In Pennsylvania, residential construction falls under the purview of the Uniform Construction Code (UCC), which was adopted in March 2004 after the passage of the Pennsylvania Uniform Construction Act of 1999. That act was a long-awaited remedy for what was a patchwork of thousands of municipal interpretations of various building and zoning codes. Over the past 20 years, more than 90 percent of the commonwealth’s municipalities have opted in to the UCC, which is overseen by the PA Department of Labor and Industry.

What is the source of frustration and irritation? Like with most regulatory structures, the UCC is administered and interpreted by humans. With those humans come different levels of competence and effort. Politics becomes involved.
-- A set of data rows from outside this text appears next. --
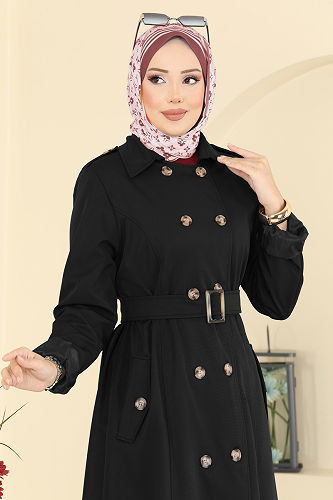 moda selvim Önden Düğmeli Bondit Trençkot 4901ORG1169 Siyah - Thumbnail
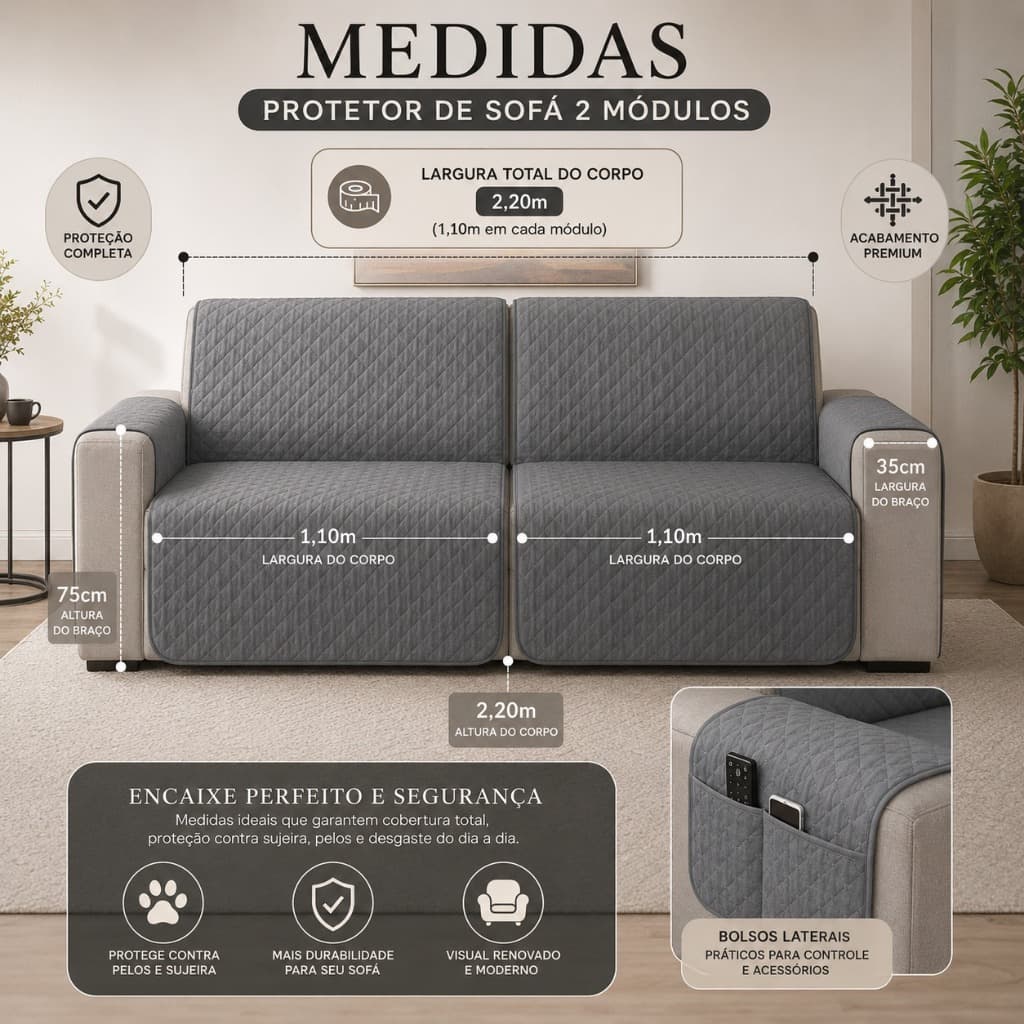 Protetor Capa de Sofá Retrátil 2,20x2,20 Matelado Acabamento Premium Alta Qualidade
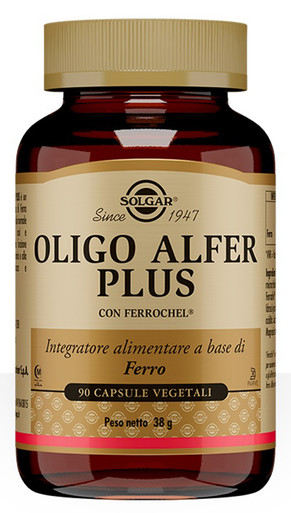 Solgar - Oligo Alfer Plus Integratore Alimentare A Base di Ferro Confezione 90 Capsule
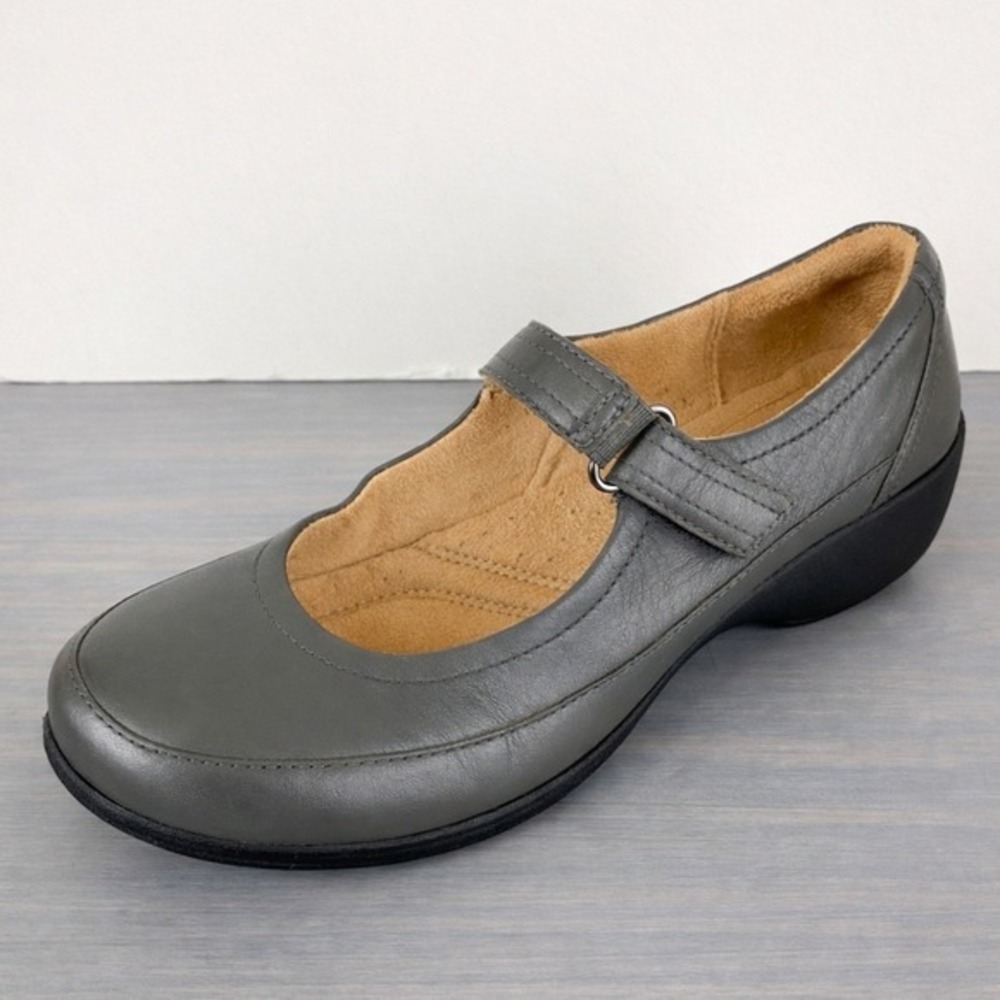 Naturalizer Jessamy Mary Jane Comfort Shoes Women 9.5 Gray Leather Grandmacore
Pennsylvania’s legislators and the Department of Labor and Industry have moved slower than most of the many organizations that inform the UCC, so that the prevailing version of the UCC is still based on the 2018 updates by the International Code Council, UCC Review and Advisory Council, and other agencies tasked with keeping building codes current. Now, the long-awaited update to the UCC to 2021 standards is ready to roll out and the revisions, although minor, will make building a new home more expensive.

For builders and their clients, this means that the ever-increasing cost of a new home will be even higher. Because the rollout of the updated UCC has been delayed there is more uncertainty and added time to a process that is already expensive and time consuming. Building codes are a necessity, but they create lots of friction in the marketplace.

The Problem with Codes

The free enterprise system is always in tension with regulation. Construction is one of those industries that requires more than minimum regulation to ensure that buildings that the public uses are safe to occupy. Building codes are a type of regulation that has generally been a local regulation. That was the case in Pennsylvania until Act 45 of 1999 established the Uniform Construction Code. Prior to the UCC, there was general uniformity of building code from county to county and municipality to municipality, but there were outliers. Moreover, the lack of a uniform code elevated the risk of unfair application of local codes by an individual code officer or building inspector. The lack of a uniform code also made enforcement of compliance more difficult.

Not surprisingly, Act 45 spawned legal challenges and administrative delays, as Labor and Industry had to reorganize its resources. Time also had to be allocated for municipalities to study and opt in or out of the UCC. All those activities delayed the implementation of the UCC until April 2004.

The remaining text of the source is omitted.